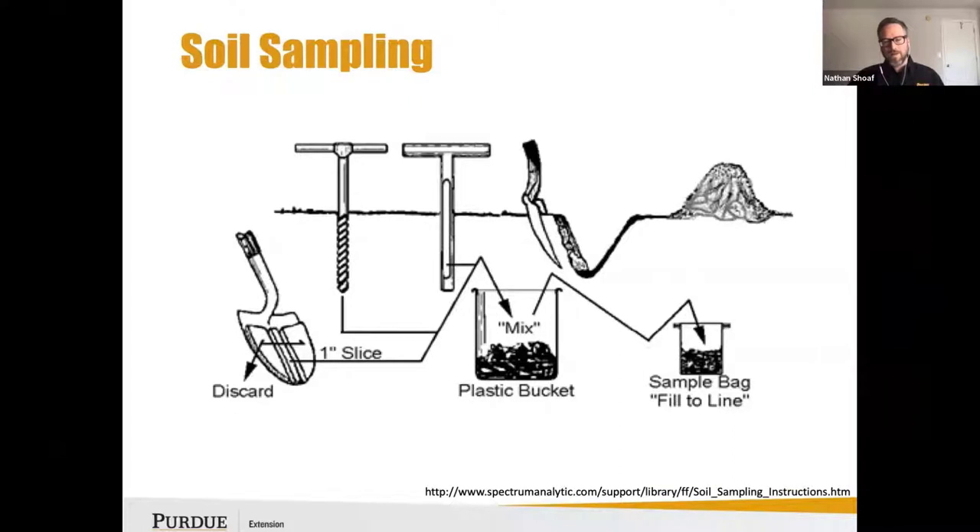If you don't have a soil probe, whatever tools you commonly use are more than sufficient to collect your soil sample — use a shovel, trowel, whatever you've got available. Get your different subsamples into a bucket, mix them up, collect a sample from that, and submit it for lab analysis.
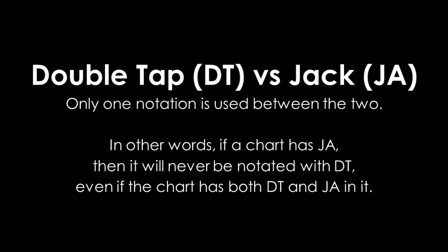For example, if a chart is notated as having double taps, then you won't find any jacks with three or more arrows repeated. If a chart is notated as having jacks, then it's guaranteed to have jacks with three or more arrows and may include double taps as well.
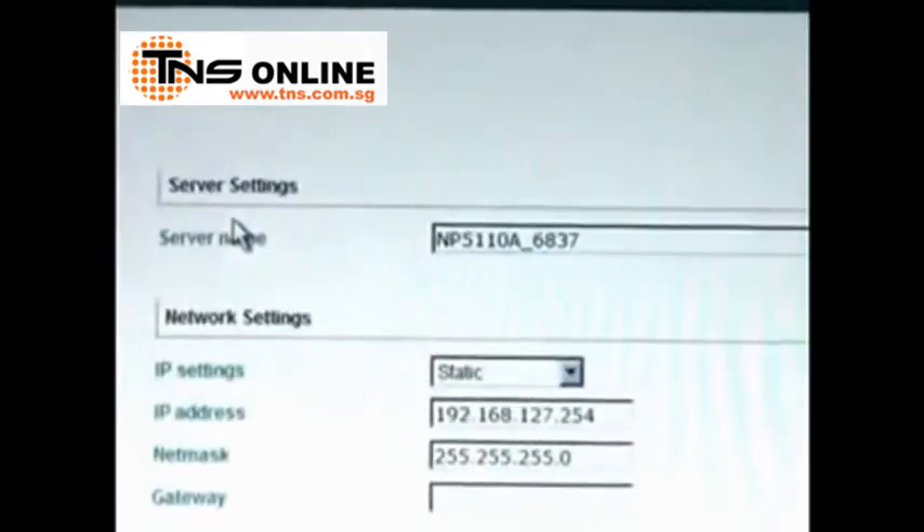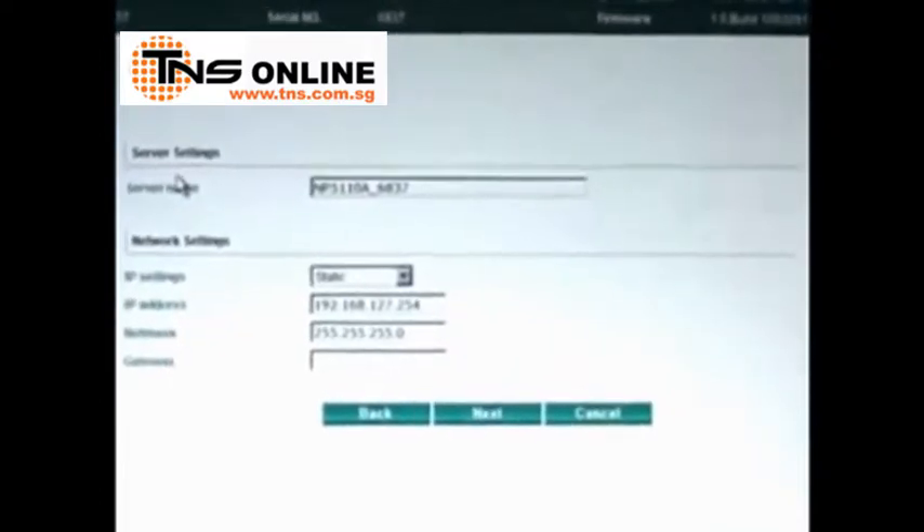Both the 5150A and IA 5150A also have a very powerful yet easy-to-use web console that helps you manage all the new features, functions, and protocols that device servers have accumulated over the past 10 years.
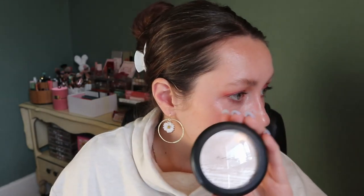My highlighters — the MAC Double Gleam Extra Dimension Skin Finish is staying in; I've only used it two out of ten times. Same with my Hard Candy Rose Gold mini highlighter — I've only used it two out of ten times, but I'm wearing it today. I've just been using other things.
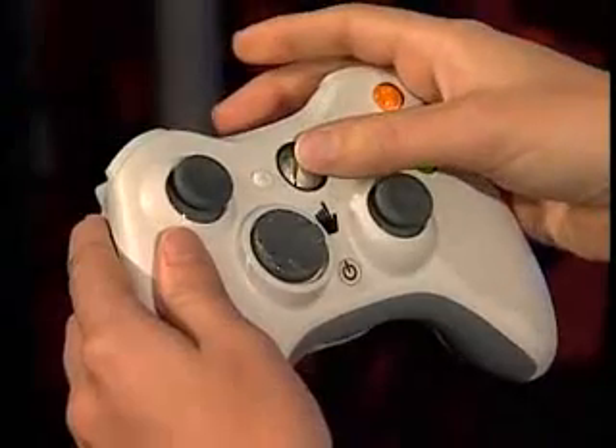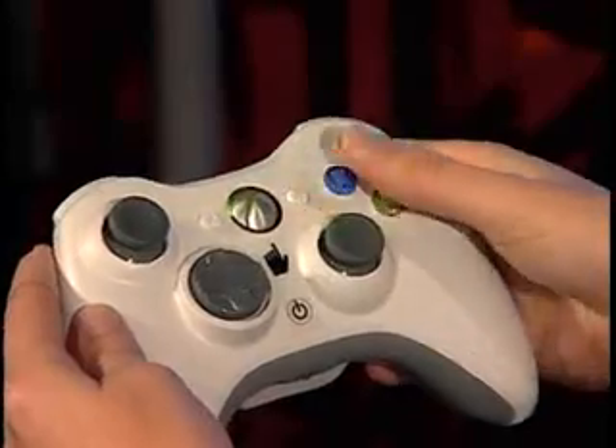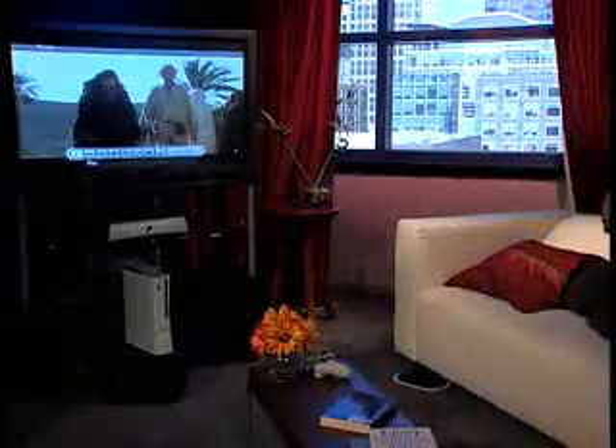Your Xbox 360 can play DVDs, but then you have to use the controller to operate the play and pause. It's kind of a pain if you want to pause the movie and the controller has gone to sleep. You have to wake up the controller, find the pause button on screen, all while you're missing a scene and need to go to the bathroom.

**Activity:** Leaving all pictures out, output exactly the lines of the material above from the line with "Both the 5150A" to the line with "My highlighters —", both included.

**Answer to this exercise:**
Both the 5150A and IA 5150A also have a very powerful yet easy-to-use web console that helps you manage all the new features, functions, and protocols that device servers have accumulated over the past 10 years.
My highlighters — the MAC Double Gleam Extra Dimension Skin Finish is staying in; I've only used it two out of ten times. Same with my Hard Candy Rose Gold mini highlighter — I've only used it two out of ten times, but I'm wearing it today. I've just been using other things.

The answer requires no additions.